*Work required*
Look below for the line that has "White Nigritella pendant". Set down the lines from there through the line that has "This Nigritella pendant", exactly as written.

*Task material*
○ ○ ○ ○

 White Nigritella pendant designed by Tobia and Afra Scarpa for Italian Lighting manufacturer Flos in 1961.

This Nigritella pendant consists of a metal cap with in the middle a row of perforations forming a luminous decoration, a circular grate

○ ○ ○ ○

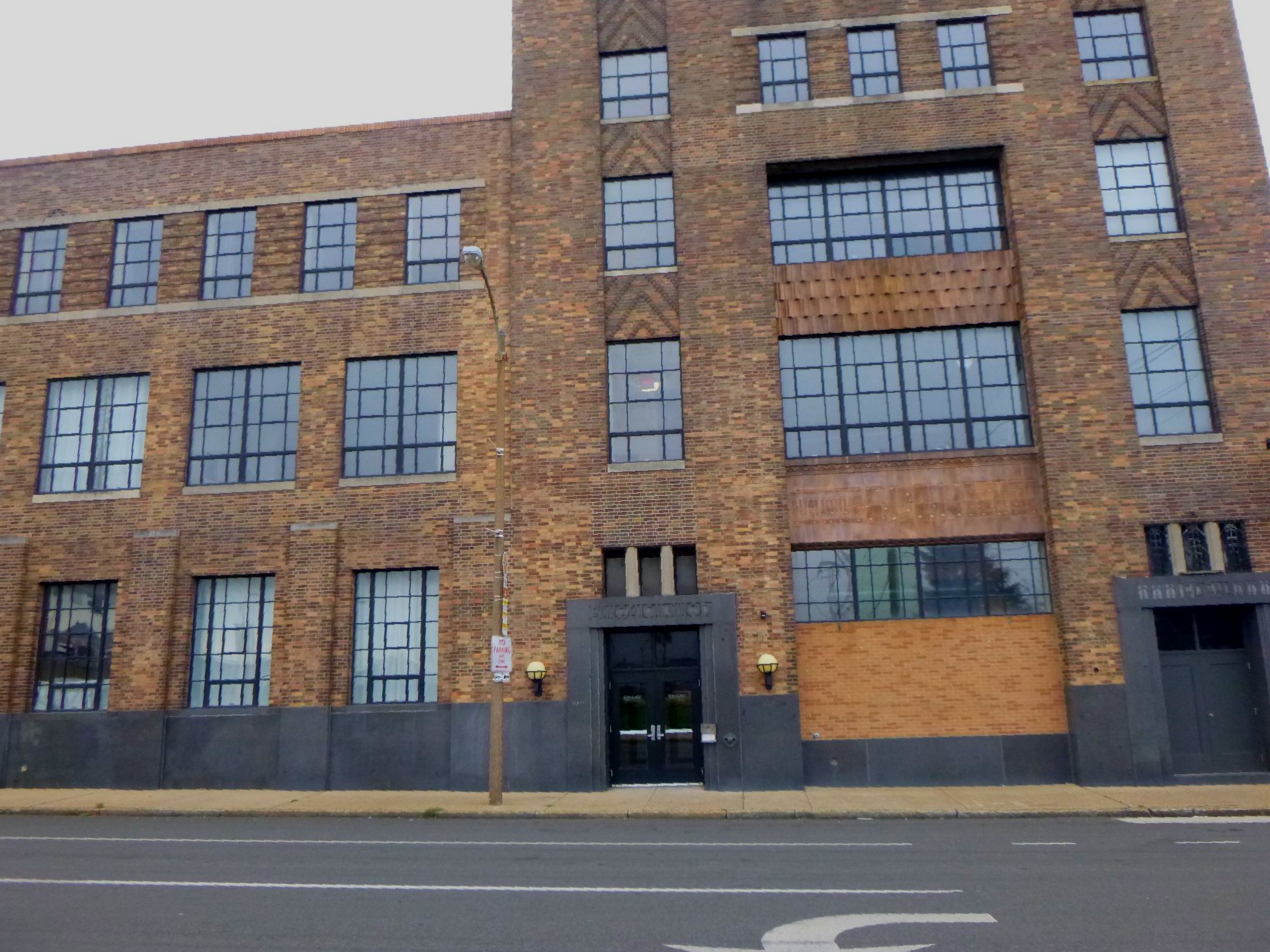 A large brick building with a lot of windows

○ ○ ○ ○

*Finished task*
 White Nigritella pendant designed by Tobia and Afra Scarpa for Italian Lighting manufacturer Flos in 1961.

This Nigritella pendant consists of a metal cap with in the middle a row of perforations forming a luminous decoration, a circular grate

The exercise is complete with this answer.